Also, the deliberation cost should be negative, right? The algorithm in the paper adds it to the reward if there was a switch in options, and it should be a penalty. The table at the bottom at the Experiments section mentions they've tried it with deliberation costs between 0 and 0.03 with increments of 0.005 but they did not mention the sign.

I'm using a negative deliberation cost, -0.1 for example.

lucasliunju · 2018-07-08T10:12:33Z

Yes. From the results of option-critic and a2oc (the section of deliberation cost is 0), we can find the option will soon be terminate. and I think it can not show the ability of option.

lucasliunju · 2018-07-08T10:16:53Z

As for the setting of deliberation cost, I think it maybe related to the setting of super parameters. I‘m looking forward to your new results.

lucasliunju · 2018-07-11T14:05:32Z

Dear Sailer，
I'm very sorry to trouble you again. I'm trying to compare the results with Jean Harb's code. I want to ask whether you run Jean Harb's code successfully on gpu. I can just run the code on cpu.
Thanks

ronsailer · 2018-07-13T14:58:58Z

Hi Lucas, sorry for the late reply. No I did not attempt to run his code on a gpu.

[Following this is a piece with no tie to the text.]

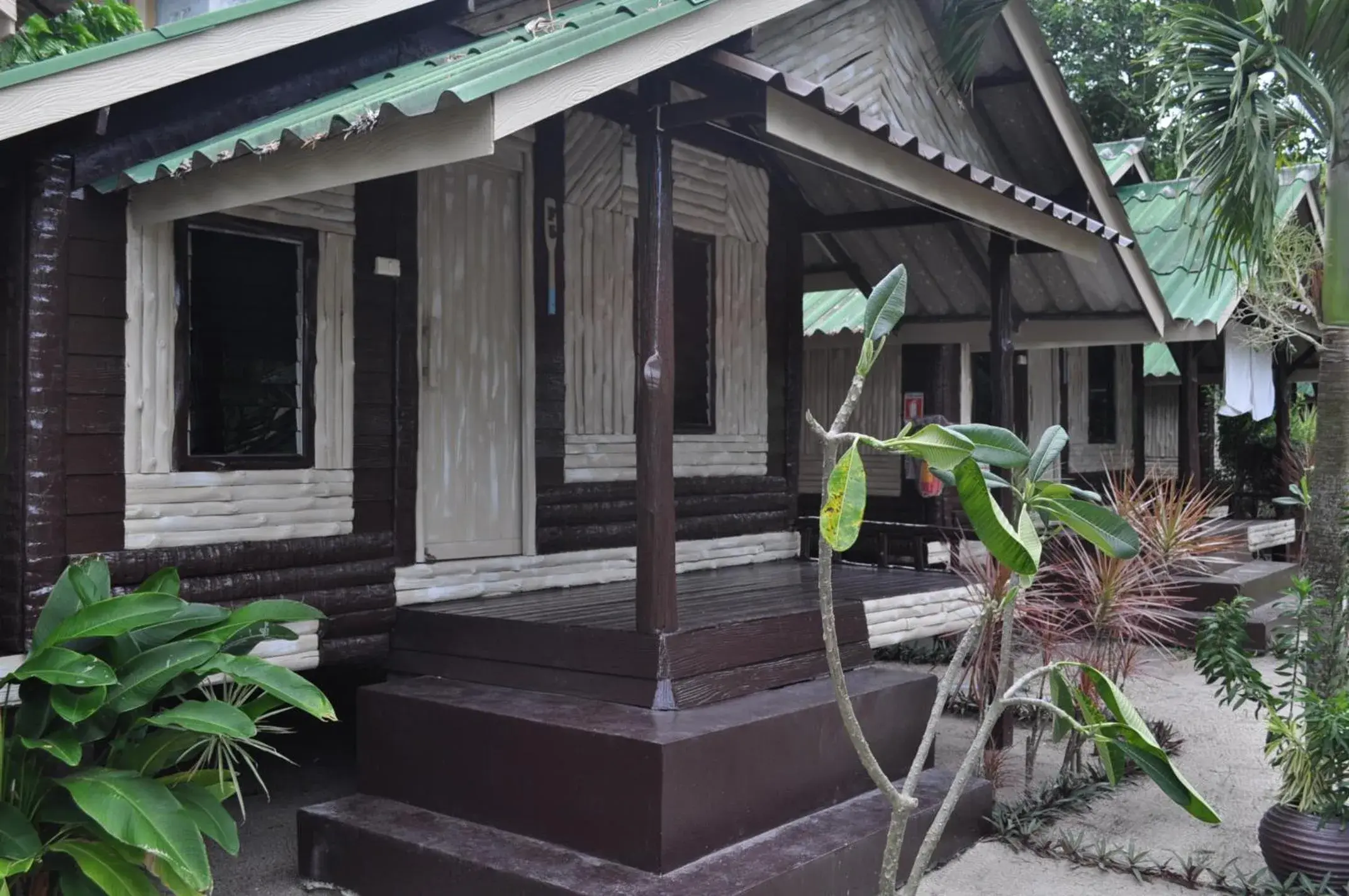 Standard Bungalow with Fan in Phangan Beach Resort Standard Bungalow with Fan in Phangan Beach Resort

lucasliunju · 2018-07-24T03:21:21Z

Hi, Ron I'm very sorry to trouble you again. I'm trying to run the code on BreakoutNoFrameskip-v4 ( https://github.com/ronsailer/pytorch-a2c-a2oc-ppo-acktr) and I find the result is not good. So I want to ask whether some parameters should be changed. Thnks. Lucas Ron Sailer <notifications@github.com> 于2018年7月13日周五下午10:58写道：

…

Hi Lucas, sorry for the late reply. No I did not attempt to run his code on a gpu. — You are receiving this because you were mentioned. Reply to this email directly, view it on GitHub <#1 (comment)>, or mute the thread <https://github.com/notifications/unsubscribe-auth/AXvZphHLQVEcSDLL4CN_FjUJ8UJXwMqiks5uGLWygaJpZM4UGo-2> .

ronsailer · 2018-07-24T04:30:12Z

Hi Lucas, please make sure you're running the latest version. I've uploaded a fix for the termination gradient about 2 days ago. There was a mistake an indeed the termination head did not converge. I find the results to be much better now.

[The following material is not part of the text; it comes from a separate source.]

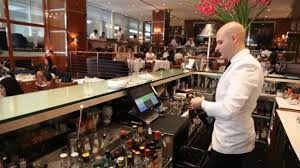 الفايننشال تايمز.. دبي تلغي ضريبة على المشروبات الكحولية بهدف تعزيز السياحة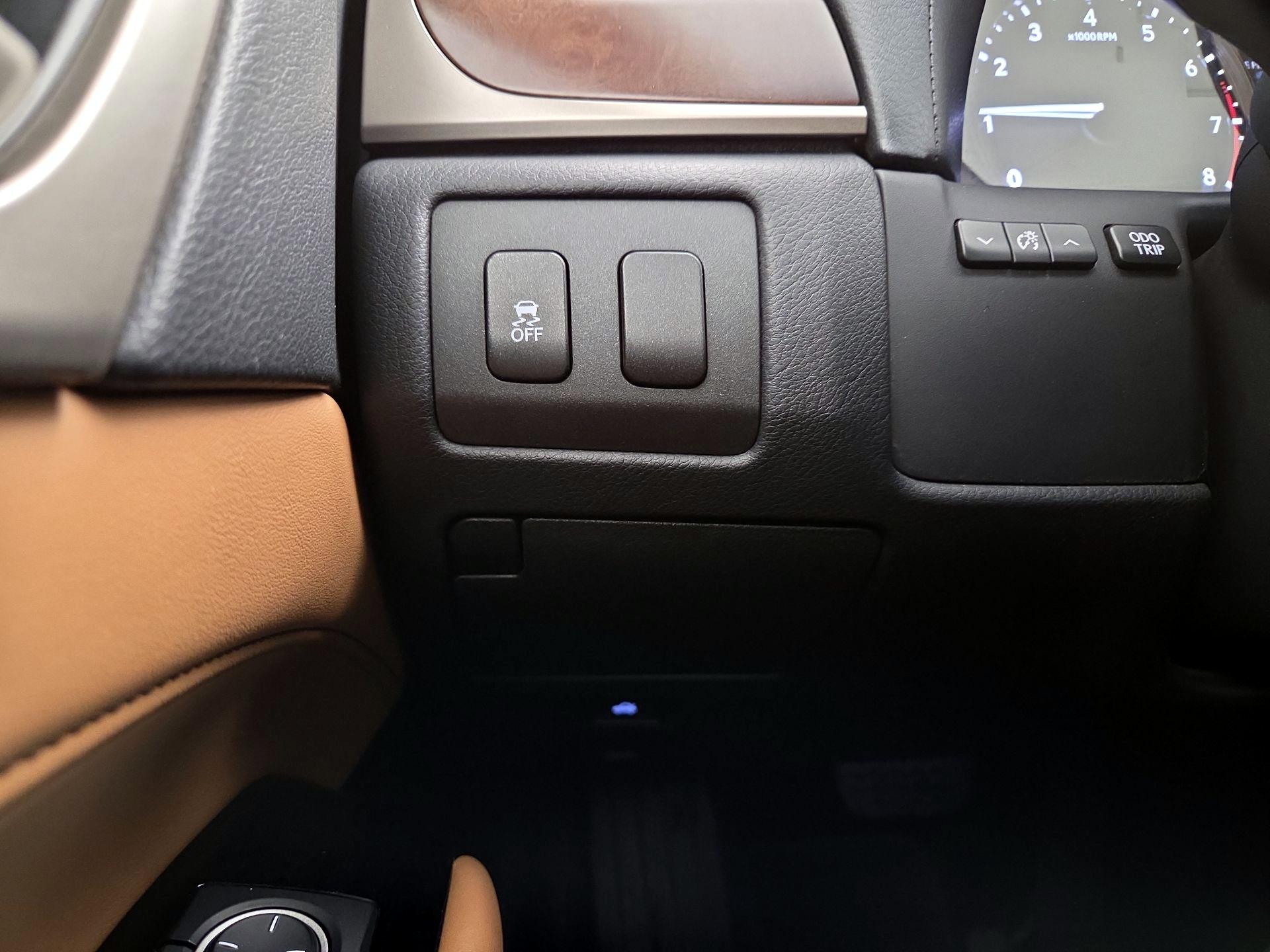 Thumbnail: 2015 Lexus GS - 13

Try AmidarNoFrameskip-v4 with 4 options and deliberation cost of 0.005:
python main.py --env-name AmidarNoFrameskip-v4 --num-options 4 --delib 0.005

10m frames (default) is enough to see that it has learned not to switch options except for certain times. You can really see the deliberation cost hover around 0.00 and only occasionally go up and when it does he switches. If you want to get better results I suggest increasing the number of frames. For me, after 10m frames, the reward hovers around 100.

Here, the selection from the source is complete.